Un moyen de pallier les contraintes liées au pass sanitaire (schéma vaccinal complet), obligatoire dans les lieux de culture et de loisirs depuis le 21 juillet. "Cette mesure, c'est un nouveau couteau dans le cœur, estime Quentin Delcourt, programmateur du Majestic. Surtout que l'on ne comprend pas pourquoi ce n'est pas égalitaire pour tout le monde. Une fois de plus, on est pris au dépourvu."

Mercredi, Kaamelott, l'un des films français les plus attendus de l'année a fait seulement 350 entrées au Majestic. C'est 650 spectateurs de moins que la veille en avant-première. "Les spectateurs revenaient et puis on reperd tout ce que l'on avait gagné. C'est un nouveau retour au bas de l'échelle", poursuit-il.
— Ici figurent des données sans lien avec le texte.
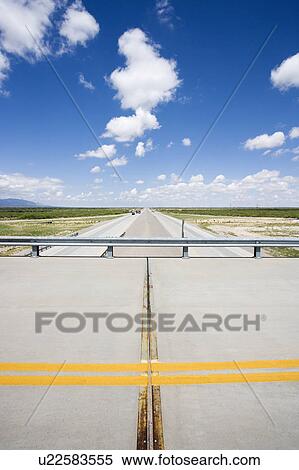 Solid double yellow line in road on overpass with highway below View Large Photo Image Stock Photography - Solid double yellow line in road on overpass with highway below. Fotosearch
Pour le programmateur, ces dépistages s'imposent ainsi comme la solution pour permettre au plus grand nombre de continuer à aller au cinéma. "C'est un moyen de montrer aussi que l'on fonctionne main dans la main avec les professionnels de santé et surtout de proposer gratuitement un service comme solution à la crise. La culture doit rester accessible car, quoiqu'on en dise, elle est essentielle", affirme-t-il. 

Si l'opération est un succès, elle sera renouvelée durant l'été.